*WORK ORDER:* Repeat only the lines below that run from the line with "Love my work" to the line with "High-speed fiber optic", ends included; skip every picture.

*EXTRACTED MATERIAL:*
******************************

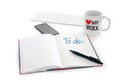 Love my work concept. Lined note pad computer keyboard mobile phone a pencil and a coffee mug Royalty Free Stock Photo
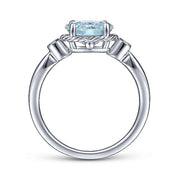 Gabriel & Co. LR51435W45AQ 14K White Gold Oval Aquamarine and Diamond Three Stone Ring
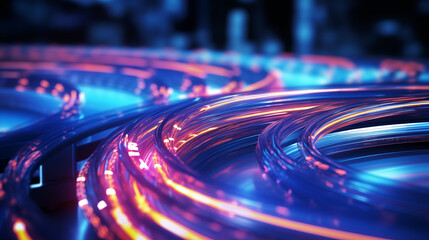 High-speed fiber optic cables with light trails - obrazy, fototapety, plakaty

******************************

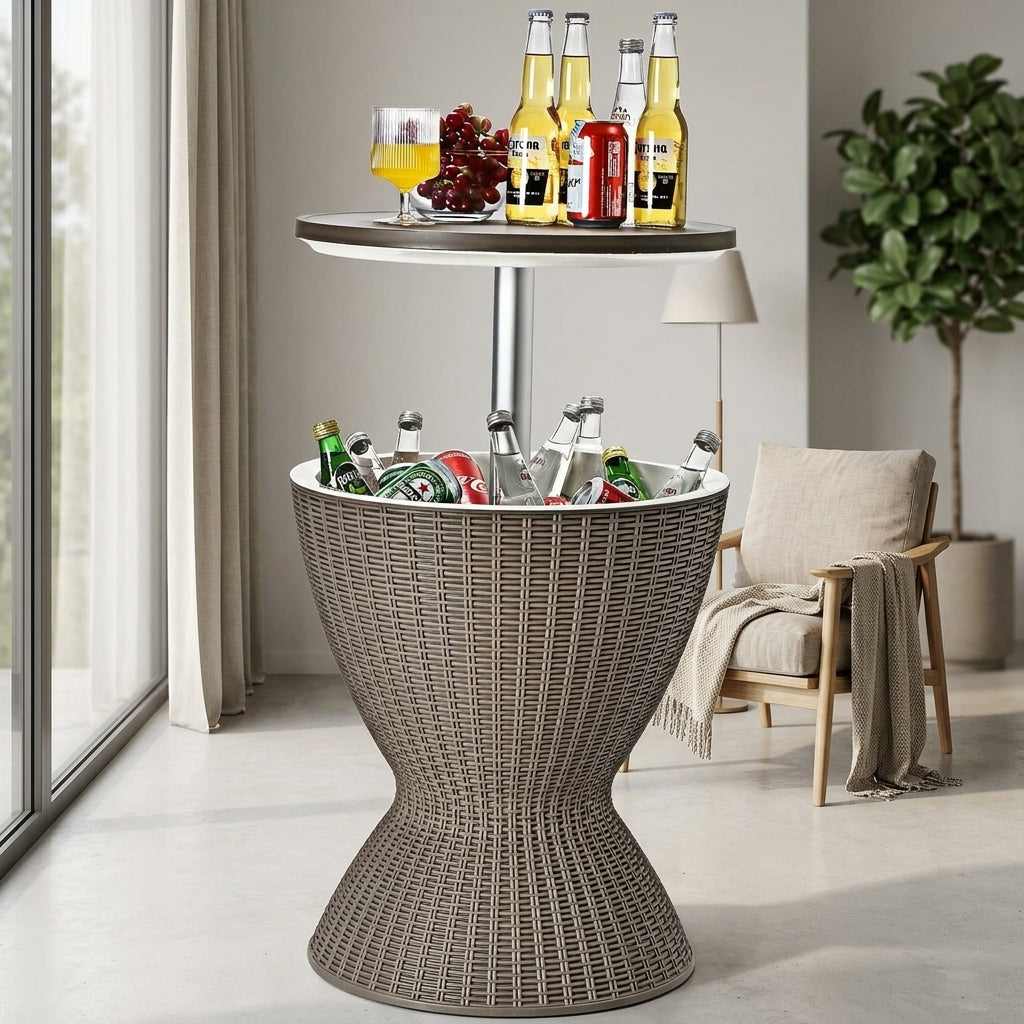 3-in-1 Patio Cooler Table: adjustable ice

******************************

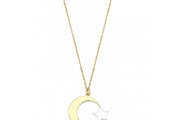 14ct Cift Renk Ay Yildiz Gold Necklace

******************************

*RESPONSE TO THIS TASK:*
 Love my work concept. Lined note pad computer keyboard mobile phone a pencil and a coffee mug Royalty Free Stock Photo
 Gabriel & Co. LR51435W45AQ 14K White Gold Oval Aquamarine and Diamond Three Stone Ring
 High-speed fiber optic cables with light trails - obrazy, fototapety, plakaty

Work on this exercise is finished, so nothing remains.